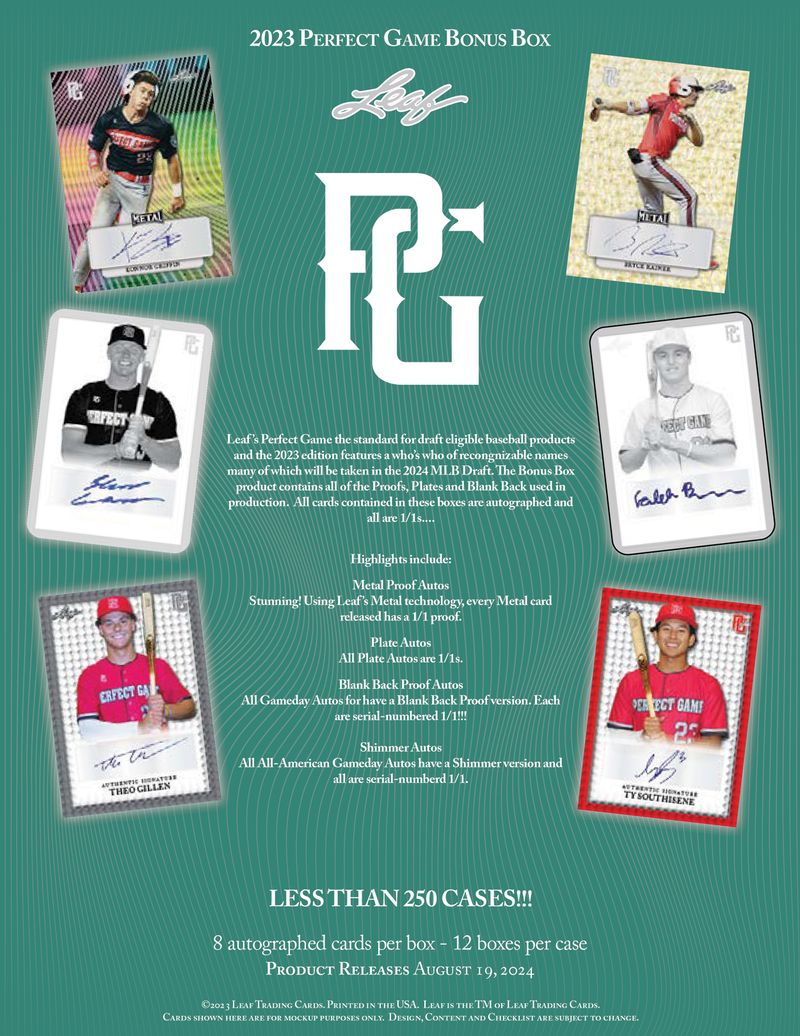 2023 Perfect Game Hobby Bonus Box (8 Autos All 1/1s) - MLB Hobby Box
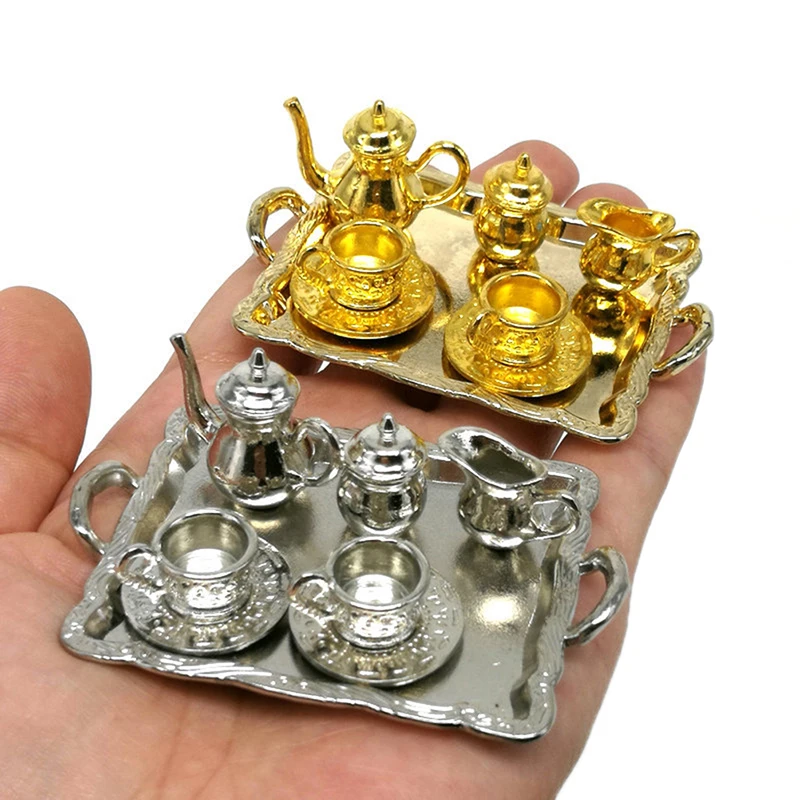 10Pcs/Set Dollhouse Miniature Metal Tea Dollhouse Furniture Miniature Toy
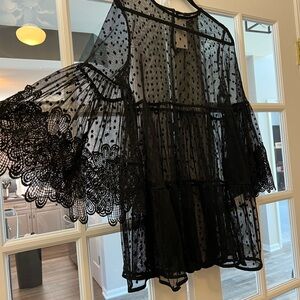 Black lace tiered sheer dress with laced bell sleeves sz L NWT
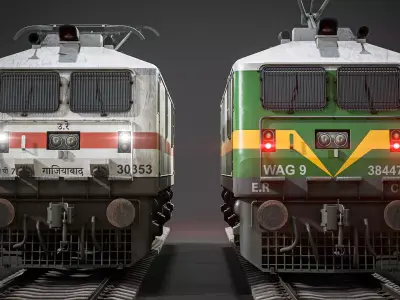 Indian Railway Locomotive Pack Low-poly 3D model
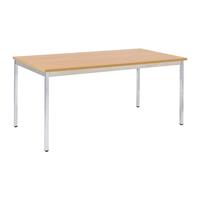EUROKRAFTbasic Universele tafel, rechthoekig, b x h = 1200 x 740 mm, diepte 600 mm, blad beukenhoutdecor, frame verchroomd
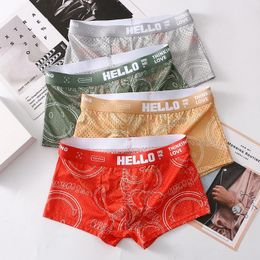 Mens Panties Boxer Shorts Men Underwear Male Breathable Mesh Underpant Boxers Homme Sexy Elastic Ice Silk BoxerShorts M-3XL 240410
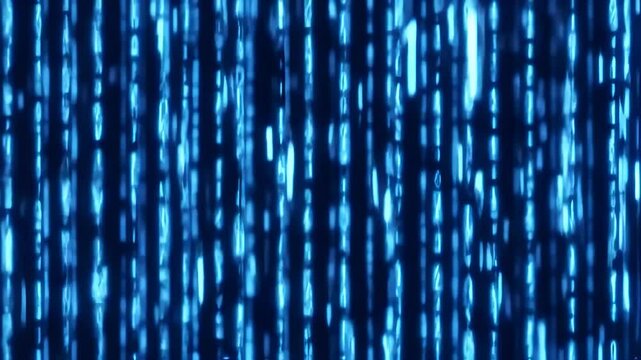 Strings fall from top to bottom in data matrix created in cyberspace with blue glow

● EXERCISE DIRECTIONS:
Ignoring the pictures, write out word for word only the lines from the one containing "10Pcs/Set Dollhouse Miniature" through the last line of the data, both ends included.

● PROBLEM SOLUTION:
 10Pcs/Set Dollhouse Miniature Metal Tea Dollhouse Furniture Miniature Toy
 Black lace tiered sheer dress with laced bell sleeves sz L NWT
 Indian Railway Locomotive Pack Low-poly 3D model
EUROKRAFTbasic Universele tafel, rechthoekig, b x h = 1200 x 740 mm, diepte 600 mm, blad beukenhoutdecor, frame verchroomd
 Mens Panties Boxer Shorts Men Underwear Male Breathable Mesh Underpant Boxers Homme Sexy Elastic Ice Silk BoxerShorts M-3XL 240410
 Strings fall from top to bottom in data matrix created in cyberspace with blue glow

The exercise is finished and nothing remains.